近年、世界的に1980年代から1990年代の、いわゆるネオクラシックカーの人気が高く、中古車の価格が異常な高騰となっています。しかし、そうした旧車を維持するのは一筋縄ではいかない面もあるといいます。そこで、旧車ユーザーのリアルな声を聞いてみました。
■旧車ブームだけど実際はかなり大変?
数年前から世界的に1980年代から1990年代のクルマの人気が高くなっており、そうしたクルマは「ネオクラシックカー」や「ヤングタイマー」「旧車」などと呼ばれています。
しかし、そうした旧車を維持するのはかなりの覚悟が必要で、うかつに手を出すとかなり大変なことになると想像できます。
そこで、1989年式の三菱「スタリオン GSR-VR」を所有するKさんのリアルな声を聞いてみました。
――スタリオンを手に入れた経緯を教えてください
私のスタリオンは、もともと叔父が新車で買ったものを15年ほど前に譲り受けました。叔父はかなりのクルマ好きで、とくにスタリオンが好きだったことから2台乗り継いていました。
叔父はそのほかにもクルマを持っていましたが、引っ越しの際にスタリオンを手放すことになって「買うか」と声をかけてもらい、私も好きなクルマだったので譲り受けました。

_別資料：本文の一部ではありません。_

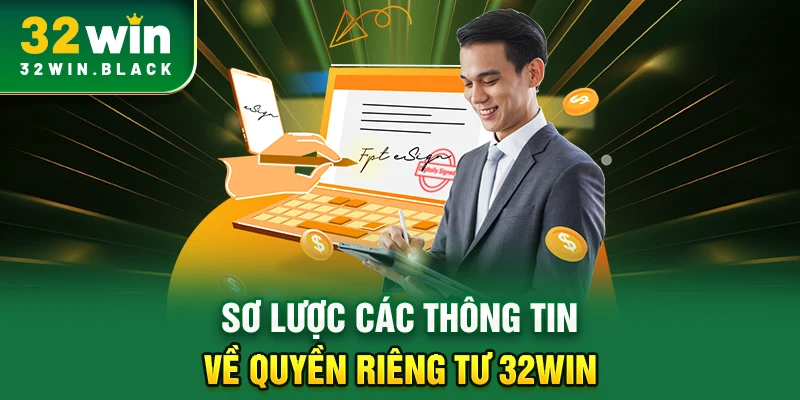 Sơ lược các thông tin về quyền riêng tư 32WIN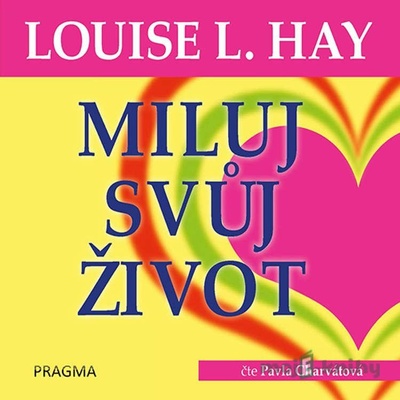 Miluj svůj život - Louise L. Hay - Čte Pavla Charvátová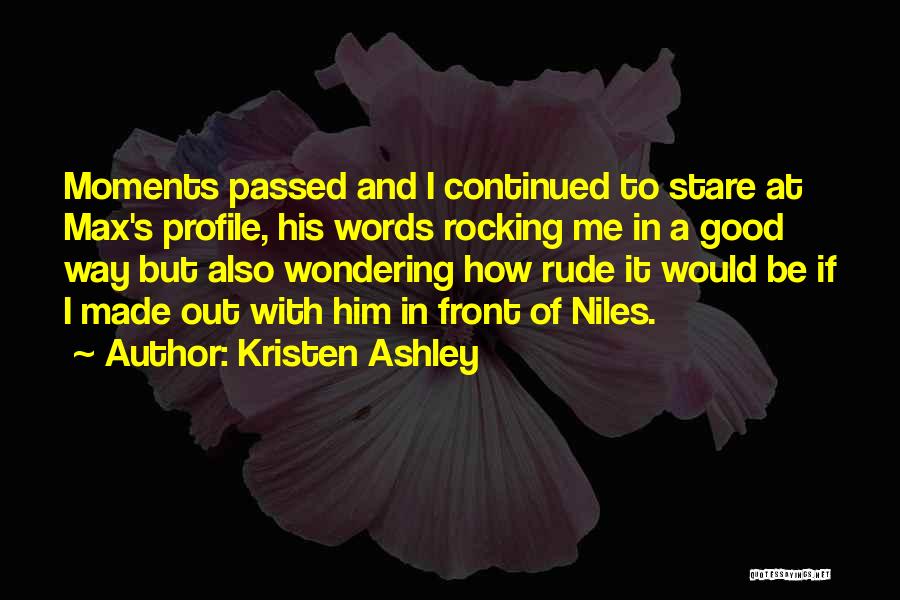 Kristen Ashley Quotes: Moments Passed And I Continued To Stare At Max's Profile, His Words Rocking Me In A Good Way But Also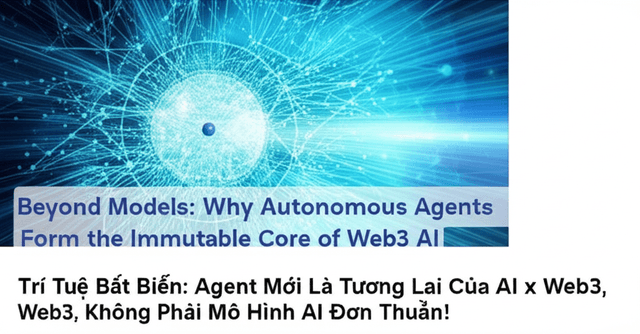 Trí Tuệ Bất Biến: Agent Mới Là Tương Lai Của AI x Web3, Không Phải Mô Hình AI Đơn Thuần!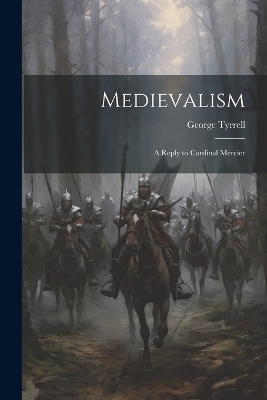 Medievalism - George Tyrrell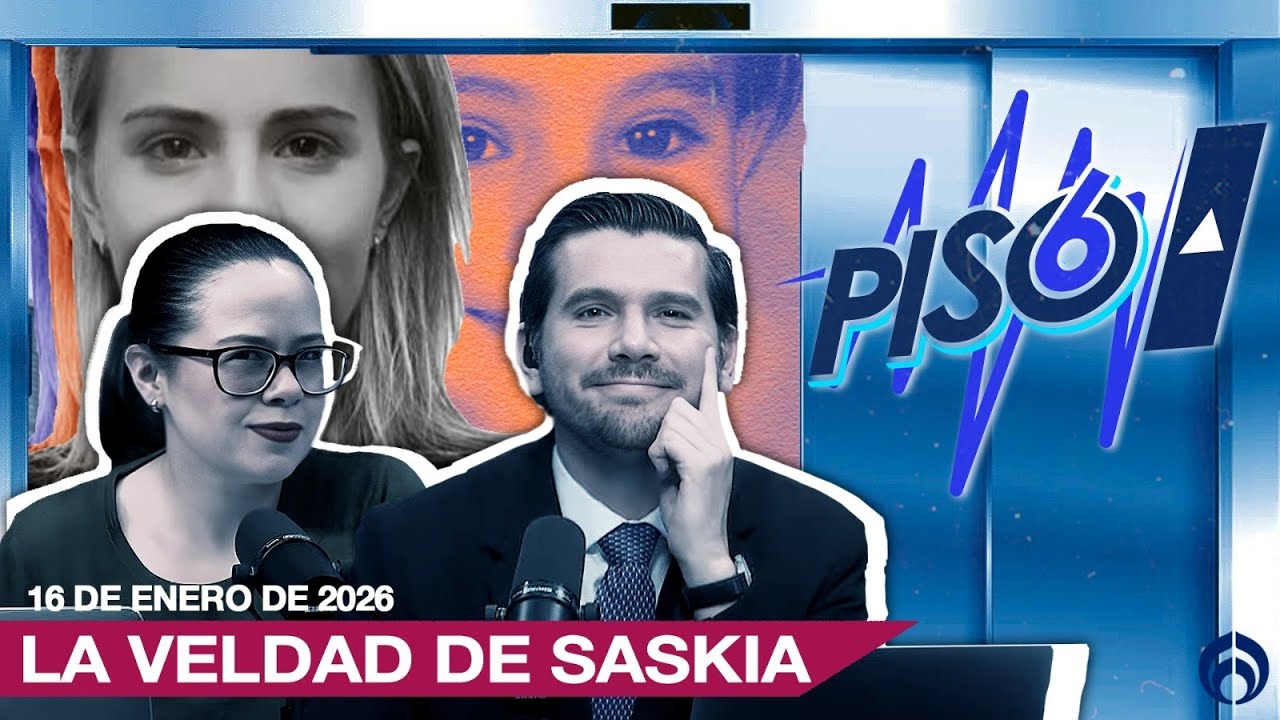 LA VELDAD DE SASKIA | PISO 6 | 16/01/26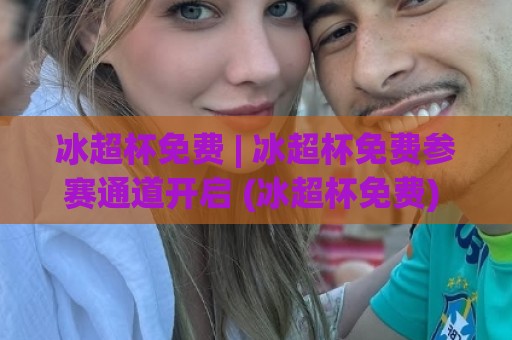 冰超杯免费 | 冰超杯免费参赛通道开启 (冰超杯免费) 解锁冰雪竞技新玩法🌴最大权威网页下球站指南蓝光低水无需注册观看解说 冰超杯免费 | 冰超杯免费参赛通道开启 (冰超杯免费) 解锁冰雪竞技新玩法🌴最大权威网页下球站指南蓝光低水无需注册观看解说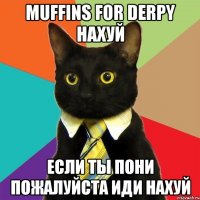 muffins for derpy нахуй если ты пони пожалуйста иди нахуй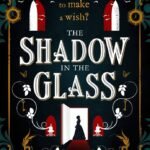 The Shadow in the Glass By J.J.A. Harwood
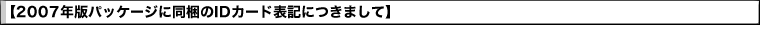 �y2007�N�Ńp�b�P�[�W�ɓ�����ID�J�[�h�\�L�ɂ��܂��āz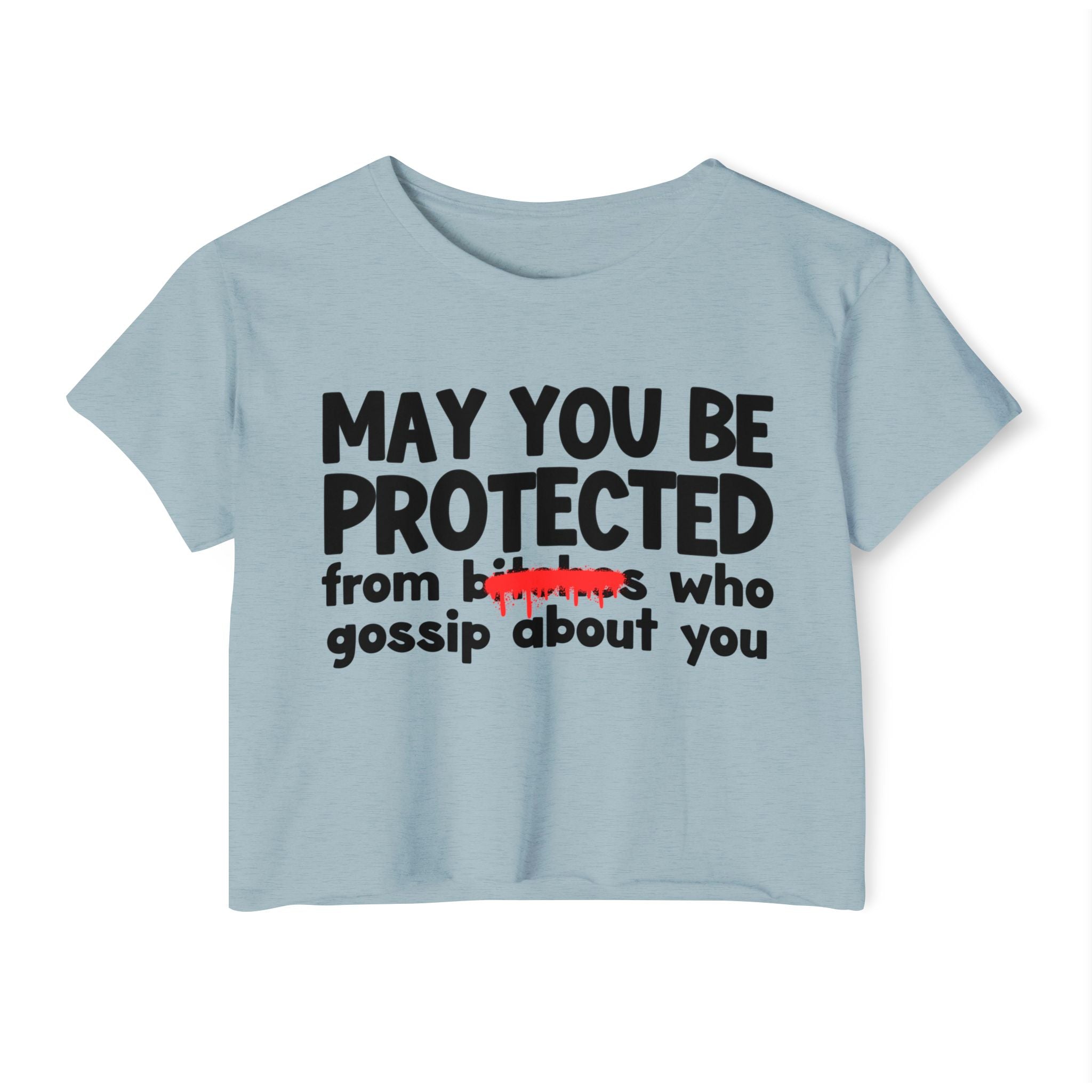 May You Be Protected From Bitches Who Gossip About You — Funny Protection Statement Crop Top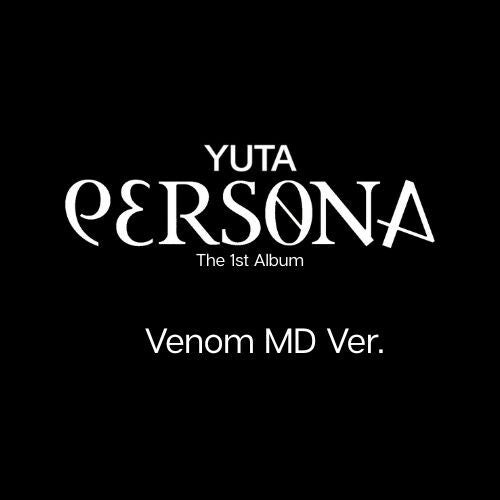 YUTA - PERSONA [1st JP Album - Limited Edition Venom MD Ver.] - K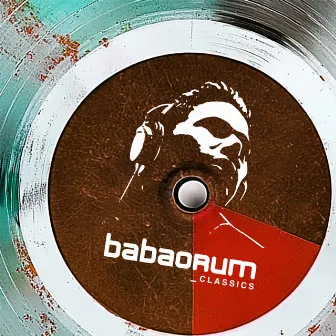 BABAORUM CLASSICS Vol. 1 by Eccentric Things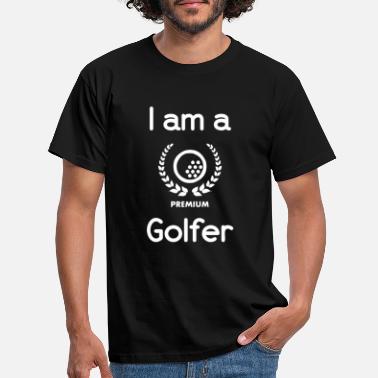 Premier Jeg er en premie golfer - T-skjorte for menn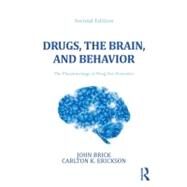 Drugs, the Brain, and Behavior : The Pharmacology of Abuse and Dependence, Second Edition by Brick; John, 9780789035288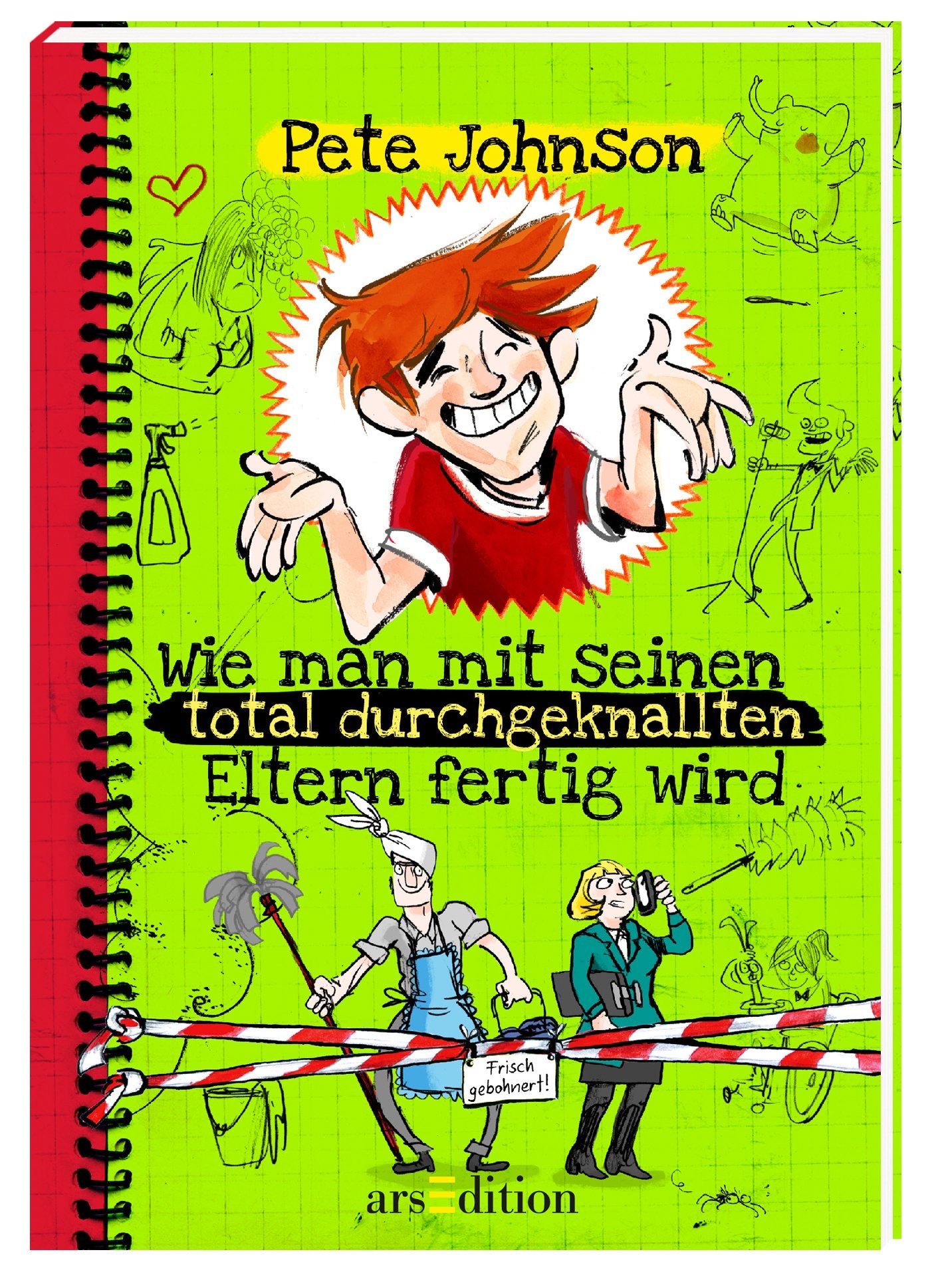 Wie man mit seinen total durchgeknallten Eltern fertig wird Novels & Short Stories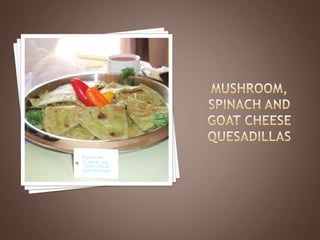 Mushroom, Spinach andGoat Cheese Quesadillas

ちゃんと整備されていて程度が良かったのですが当時はまだ旧車人気が高くなく、今の相場の3分の1以下で買うことができ、かなり安かったと思います。
――維持するうえで大変なことは何でしょう
まず旧車全般にいえますが、純正部品がありません。走るために最低限必要な消耗品は問題ありませんが、内外装や電装品、樹脂パーツはまず出てきません。
ただ、10年ほど前にマフラーに穴が空いてワンオフで作ることを覚悟しましたが、ディーラーの方に探してもらったら1か月後に奇跡的に純正マフラーが見つかりました。でも本当にイレギュラーなことです。
電装品もいくつかトラブルが出て、ヘッドライトやワイパーのスイッチの接点が摩耗して作動しなくなったり、4年前にはオルタネーターがダメになって発電しなくなり、リビルト品に交換しました。
最大の試練だったのが8年前にエンジンがかからなくなったことで、最初は出先だったのでJAFに助けてもらいました。そのまま近くにディーラーに運んでもらったのですが、エンジンがかかって、結局トラブルが再現しなかったのでそのまま乗って帰りました。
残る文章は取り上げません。